The label for my aunt’s quilt will be done this weekend. I’ve decided to make a block using shapes from the Orange Peel Deluxe collection, so some more curved stitching, and use a few of the fabrics that I used in the top.
I’ve added the post about Chintz Circles to Finished for Friday at Lit and Laundry. It has been ages since I’ve had a finish and couldn’t resist. There’s a list of those with finishes for Friday on this post — definitely worth going and taking a look and, who knows, you may just find a new-to-you blog that you really enjoy.

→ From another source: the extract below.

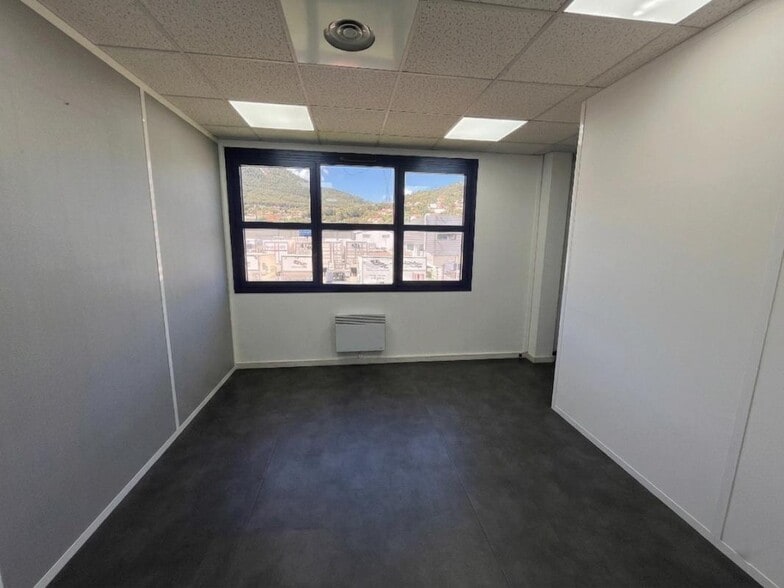 Office in La Garde for sale - Building Photo - Image 2 of 7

For some reason, my wrists and hands have really started to hurt again and, as I type this, my right wrist is swollen. Because of the discomfort involved with typing, I’ve not been great about responding to comments the past couple of days, but hope to get all caught up over the weekend. I have a feeling it was doing the binding that started this as applique does tend to bother my hands. I think next time I’m stitching down binding I’ll do it in stages rather than all at once and see if that helps.
Thursday was a very cloudy day. I think we’re going to get rain at some point today. Thursday Smudge enjoyed some windowsill time.
While Lester was lounging in the pink chair.